→ **Assignment**: Search the listing below for the line with "Location of Garage", then write out that line and every one after it exactly, without the pictures.

╭─ Input

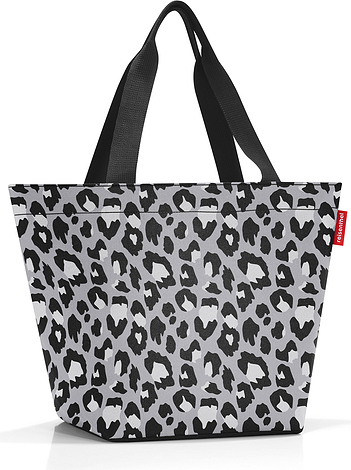 Torba Shopper w panterkę M szara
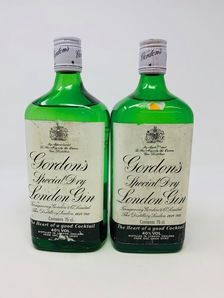 2 X BOTTLES GORDONS GIN 1980 S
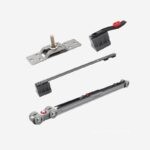 Bộ bánh xe cửa trượt cửa lùa gỗ tiện dụng Taura T905B
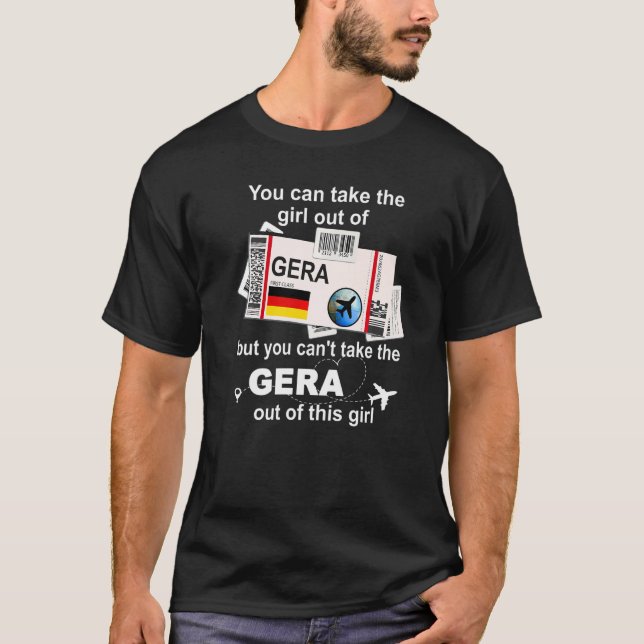 Camiseta Gera Boarding Pass Gera Girl Gera (Anverso)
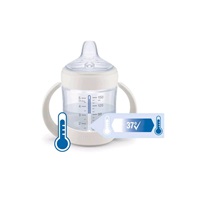 Dojčenská fľaša na učenie NUK Nature Sense s kontrolou teploty 150 ml biela
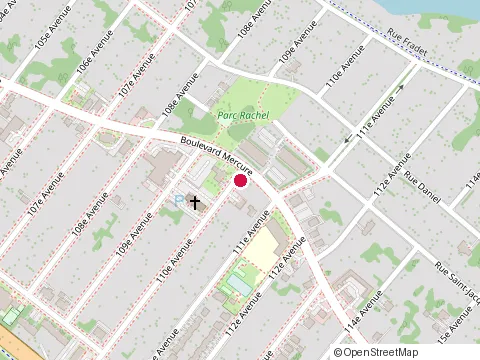 Location of Garage Roger Demers-Pneu Select at 805 110E Ave, Drummondville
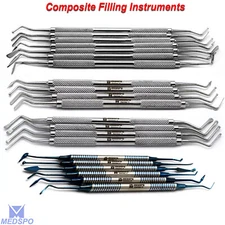 Dental Composite Filling flat Plastic Filling & Spatula Restorative Instruments
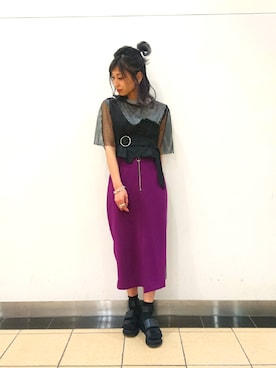 sayaさん（レディース・157cm）の春コーディネート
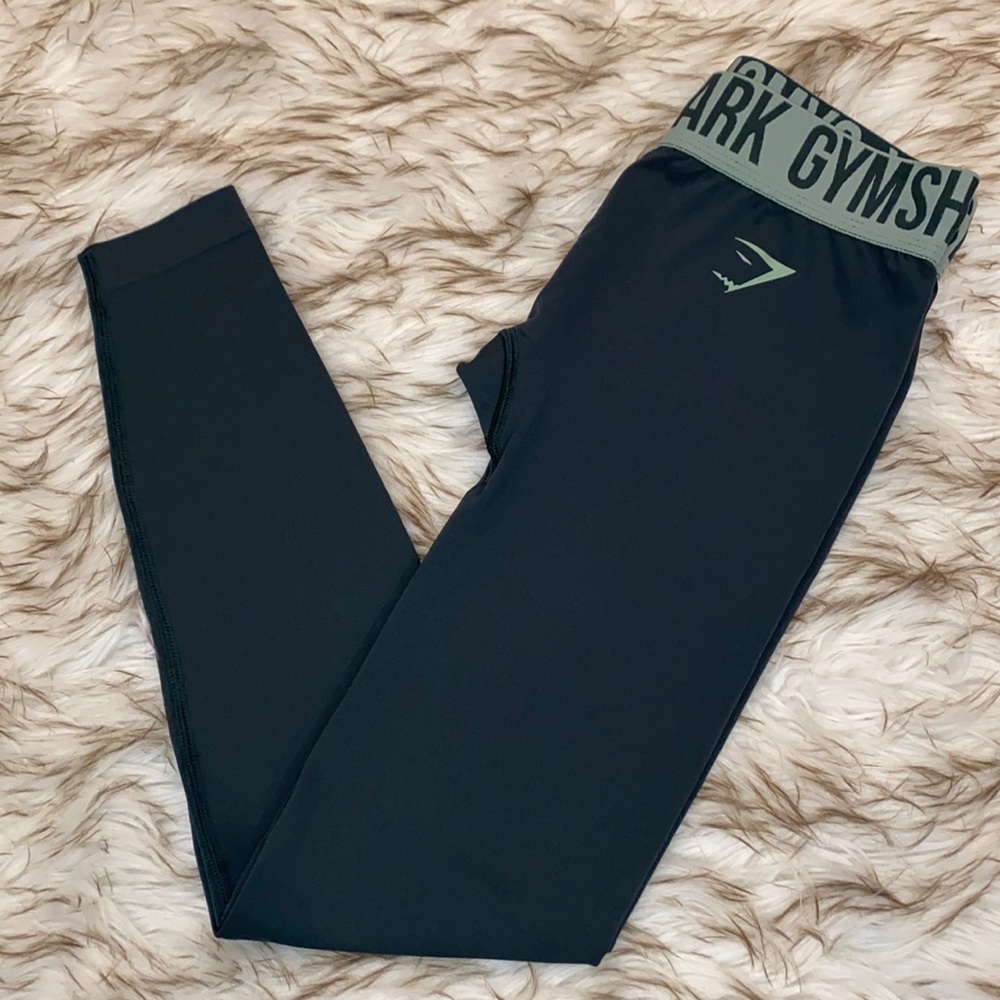 Gymshark Fit Seamless Leggings in Dark Green - Small
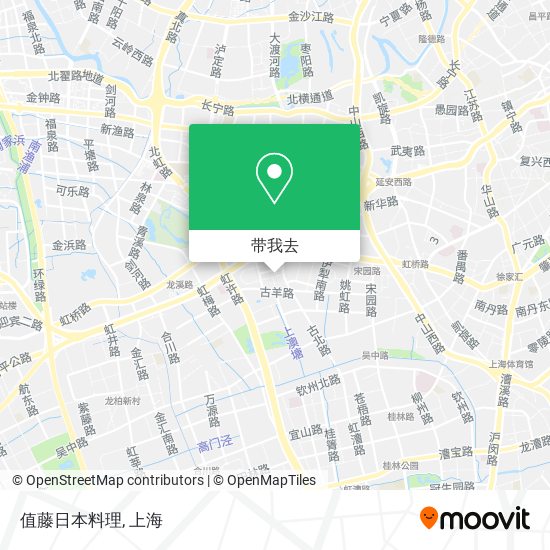 值藤日本料理地图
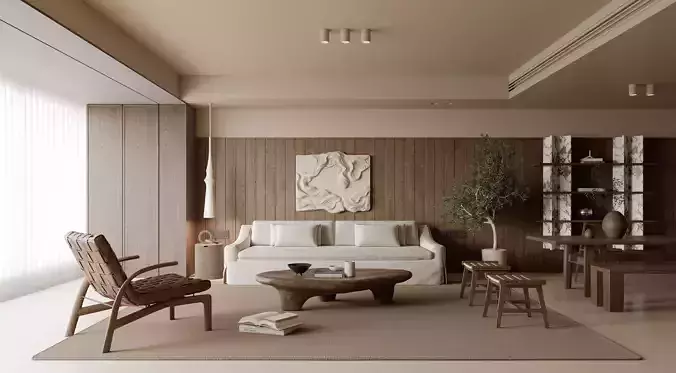 modern living room interior scenes 107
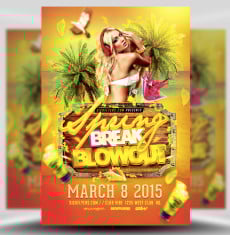 Spring Break Blowout Flyer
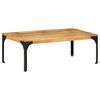 vidaXL Table basse 100x55x35 cm bois de manguier massif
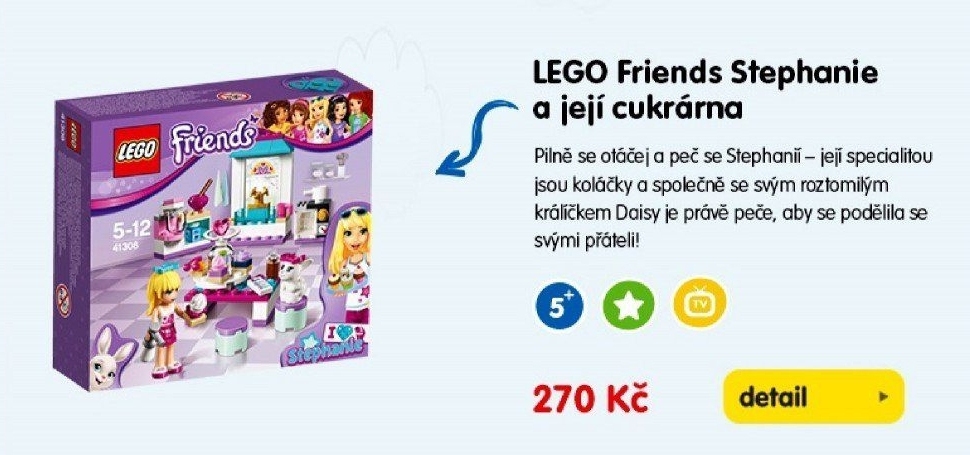 LEGO Friends Stephanie a její cukrárna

╰─

→ **Solution to this problem**:
 Location of Garage Roger Demers-Pneu Select at 805 110E Ave, Drummondville
 Dental Composite Filling flat Plastic Filling & Spatula Restorative Instruments
 sayaさん（レディース・157cm）の春コーディネート
 Gymshark Fit Seamless Leggings in Dark Green - Small
 值藤日本料理地图
 modern living room interior scenes 107
 Spring Break Blowout Flyer
 vidaXL Table basse 100x55x35 cm bois de manguier massif
 LEGO Friends Stephanie a její cukrárna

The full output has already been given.